All this to say, Dad had a tendency to ride the slippery slope of procrastination. He didn’t want us kids to follow suit. Yet, saying one thing and modeling another has a certain power.
Procrastination tends to perpetuate itself in the worst of cycles. Every time you start a new project, you’re already running late because you still have leftover projects to finish first. Since Dad had trouble moving from the prep phase to the action phase, he’d wind up behind schedule.
Periodically, he would take on a book writing project. He would research a historical issue, study all the possible approaches to explain it, and get muddled in the mire of collecting ever more research on the topic. He would write and rewrite chapter upon chapter, getting stuck in a state of indecision; what to keep/what to delete. Before long, the deadline would come and go. An extension or two would be granted, anxiety levels would rise at each stage, and what had begun as a great opportunity would wind up feeling like the weight of the world upon his shoulders. Dad would spend countless nights burning the midnight oil, trying to make up for lost time. Completing a project on deadline seemed an impossible task.
Dad often compared himself to Sisyphus, the mythological tragic figure destined to roll an enormous boulder up a mountain every morning, just to lose grip toward the apex and helplessly watch it roll down again every night. Then he’d have to take up his arduous burden again the following morning, again and forever… the perfect metaphor for a living hell.

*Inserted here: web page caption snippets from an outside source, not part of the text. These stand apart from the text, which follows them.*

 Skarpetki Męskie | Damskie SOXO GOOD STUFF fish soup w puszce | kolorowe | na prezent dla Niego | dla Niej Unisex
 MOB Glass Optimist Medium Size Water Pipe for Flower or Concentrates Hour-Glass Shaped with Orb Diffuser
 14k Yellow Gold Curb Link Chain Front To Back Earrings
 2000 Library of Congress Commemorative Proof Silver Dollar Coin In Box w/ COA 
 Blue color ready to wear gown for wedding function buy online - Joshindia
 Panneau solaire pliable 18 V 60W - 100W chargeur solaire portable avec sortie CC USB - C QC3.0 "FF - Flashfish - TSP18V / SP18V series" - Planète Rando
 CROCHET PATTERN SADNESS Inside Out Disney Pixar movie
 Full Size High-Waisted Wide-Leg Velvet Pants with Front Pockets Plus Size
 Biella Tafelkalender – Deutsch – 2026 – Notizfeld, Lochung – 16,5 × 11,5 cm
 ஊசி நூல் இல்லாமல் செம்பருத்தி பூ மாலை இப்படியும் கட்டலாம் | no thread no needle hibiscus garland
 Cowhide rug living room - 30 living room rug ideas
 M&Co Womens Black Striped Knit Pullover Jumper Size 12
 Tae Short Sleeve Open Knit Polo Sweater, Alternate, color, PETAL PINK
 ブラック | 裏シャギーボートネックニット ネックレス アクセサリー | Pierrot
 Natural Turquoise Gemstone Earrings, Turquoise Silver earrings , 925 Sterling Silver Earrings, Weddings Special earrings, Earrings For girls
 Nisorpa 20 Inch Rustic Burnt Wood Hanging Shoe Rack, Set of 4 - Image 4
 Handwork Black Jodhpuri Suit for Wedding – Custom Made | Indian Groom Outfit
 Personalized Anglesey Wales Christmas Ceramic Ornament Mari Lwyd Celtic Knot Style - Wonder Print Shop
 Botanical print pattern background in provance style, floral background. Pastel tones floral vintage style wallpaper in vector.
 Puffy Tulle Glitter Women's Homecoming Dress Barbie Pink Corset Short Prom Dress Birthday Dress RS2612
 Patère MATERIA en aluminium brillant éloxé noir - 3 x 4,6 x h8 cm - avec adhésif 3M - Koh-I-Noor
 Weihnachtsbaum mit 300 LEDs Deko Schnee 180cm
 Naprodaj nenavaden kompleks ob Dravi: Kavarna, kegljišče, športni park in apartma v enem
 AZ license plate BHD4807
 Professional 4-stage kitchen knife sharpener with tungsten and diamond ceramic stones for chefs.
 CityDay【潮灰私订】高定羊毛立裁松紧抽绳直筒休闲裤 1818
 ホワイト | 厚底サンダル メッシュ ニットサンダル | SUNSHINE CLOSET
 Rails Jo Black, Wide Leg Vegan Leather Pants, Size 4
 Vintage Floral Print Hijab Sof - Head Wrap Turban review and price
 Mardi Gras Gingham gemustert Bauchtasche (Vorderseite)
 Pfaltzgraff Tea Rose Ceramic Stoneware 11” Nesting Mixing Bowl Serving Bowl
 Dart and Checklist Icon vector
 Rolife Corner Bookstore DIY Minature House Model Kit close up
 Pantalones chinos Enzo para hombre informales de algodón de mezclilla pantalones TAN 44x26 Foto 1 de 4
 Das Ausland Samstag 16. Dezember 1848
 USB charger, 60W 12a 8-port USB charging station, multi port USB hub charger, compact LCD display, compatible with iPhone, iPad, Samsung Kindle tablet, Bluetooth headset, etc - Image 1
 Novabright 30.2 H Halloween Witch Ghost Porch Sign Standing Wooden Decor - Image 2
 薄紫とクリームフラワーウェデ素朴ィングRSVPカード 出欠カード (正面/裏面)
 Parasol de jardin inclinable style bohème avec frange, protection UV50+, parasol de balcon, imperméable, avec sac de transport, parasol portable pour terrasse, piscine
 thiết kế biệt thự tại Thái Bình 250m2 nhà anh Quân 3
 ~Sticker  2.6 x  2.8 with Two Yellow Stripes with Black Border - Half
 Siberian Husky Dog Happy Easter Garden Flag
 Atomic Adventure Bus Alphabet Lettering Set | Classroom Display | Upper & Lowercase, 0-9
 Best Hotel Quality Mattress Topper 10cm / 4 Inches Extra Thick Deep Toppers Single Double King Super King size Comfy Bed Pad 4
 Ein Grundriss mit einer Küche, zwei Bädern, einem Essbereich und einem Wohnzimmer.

I got the message. I just wasn’t sure what steps to take in order to escape the torturous fate of procrastination.
Contemporary self-help guru Tony Robbins has a saying that may have helped Dad out of his rut, but he was just a kid like me during Dad’s time. Robbins says, “Never leave the site of a decision without taking action.” This rule prompts me to take a step — even a small one —to start and maintain momentum toward completion of a project.
If you tend to be a procrastinator, find a way to break your project into manageable, small steps. Then break one of the easier steps into a few chunks. Find the tiniest chunk, and do it now! Once you get that one bit behind you, it generates its own momentum, putting your project into motion. What once seemed like an insurmountable obstacle now looks totally manageable. You’re on your way.
Considering our deadline-driven world, Dad was wise to warn me about the dangers of procrastination. It’s time to put off procrastination, show up on time and maintain momentum toward completion by deadline. Dad said it best.